We're first introduced to the oldest daughter and third child. She's single, a successful author, and often frustrated by her mother's demands and worries. Then there's the eldest son, doted on from birth, who realizes how much his mother's love has supported him. There's the husband who is lost suddenly without the wife who did everything for him and the children to where they came to accept it as the norm. Finally, there is the voice of the mother, comforting them in their loss.
For a young author, this story has an older, mature voice. Her characters are not terrible people; they've just never before not had their mother's presence as a given in their lives. They each go through grieving her absence - anger at each other, guilt, sadness, each coming to realize how much they really didn't know about Mom. It describes the self-sacrificing that can be exhibited by mothers, in particularly Korean mothers.
The martyrdom of Mom gets a bit unreal and the ending doesn't have the longed for resolution, but it works. I enjoyed the story and was pulled through the book to the end. Good read.
Published: 2009 Read: July 2016 Genre: Fiction
Monday, July 4, 2016
I finally found a used copy of this book in Anchorage. I havea copy of The Hours at home, its a recent book and movie that's based on this one and wanted to read Woolf’s book first.
Written in 1925 after the first World War, the book was groundbreaking in its style, a ever-flowing internal conversation of the characters as they go about one day in June in London.

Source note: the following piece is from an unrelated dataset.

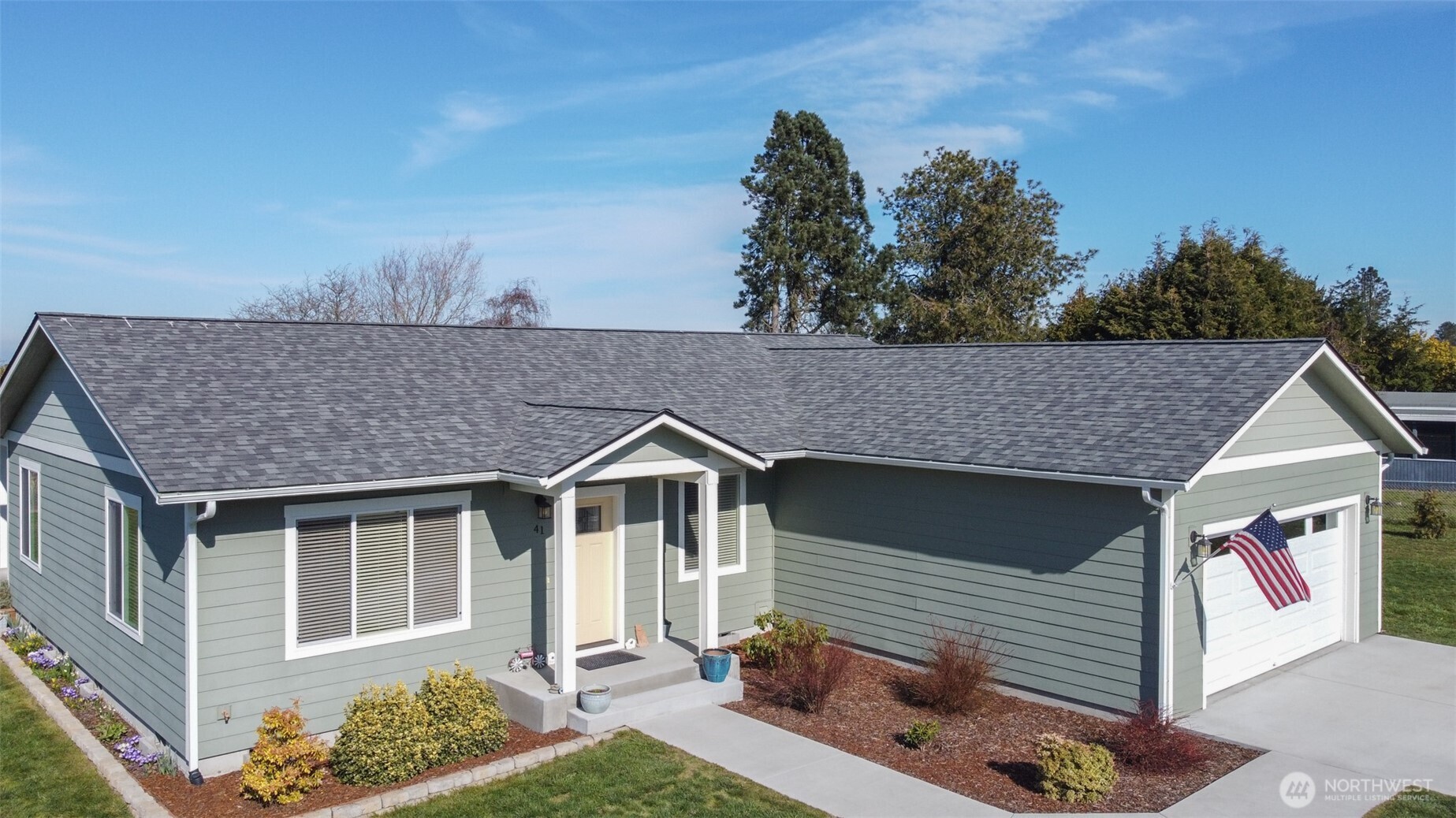 41 Victoria View Street Sequim, WA 98382 - Photo 37 of 40 a front view of a house with garden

Mrs. Dalloway is a fiftyish matron who is hosting a party for her social class in the evening. She and her guests' musings are woven throughout the day, punctuated by the chiming of Big Ben and other city clocks. Their intertwined pasts unfold from different perspectives revealing how they came to be the persons they are in the present. It is a commentary on the upper class at that time, internal relfection, and the loneliness created by societal expectations that still resonates with truth for today as well.

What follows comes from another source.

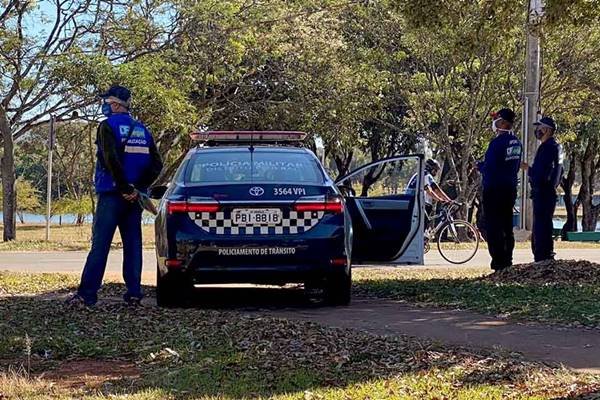 Fiscalização do uso de máscara no Parque da Cidade contra o coronavírus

Published: 1925 Read: June 2016 Genre: Fiction, classic
I have always enjoyed this author’s books. She writes the way women speak to and about each other, capturing the sisterhood of shared experiences.

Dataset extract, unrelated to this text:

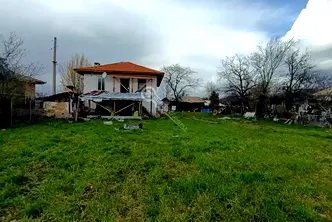 Къща в Габрово, с. Генчовци (Габрово)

This book is the story of Cecilia, a single, professional motivational speaker whose best friend recently died. She is grieving and regretting not having done the trips and adventures they had spoken of over the years because she enjoyed working and didn’t take the time. She decides to make the big change that is long overdue.
She sells her home, takes leave from her job and moves into a shared house with three other women; Lise, a divorced physician with an estranged 20 something daughter; Riley, a gay, rebellious, newspaper advice columnist and Joni, a professional chef with a belligerent boss. She fulfills a commitment to her friend and volunteers at a hospice.
When she receives a postcard from her first love, she embarks on a road trip with her roommates to discover if the flame is still bright. Each of them is exploring a way to heal or move on from relationships. Their camaraderie feels genuine and familiar. While the knots are tied up a little too neatly in the end, it was a satisfying read that reminded me of the power of friendships.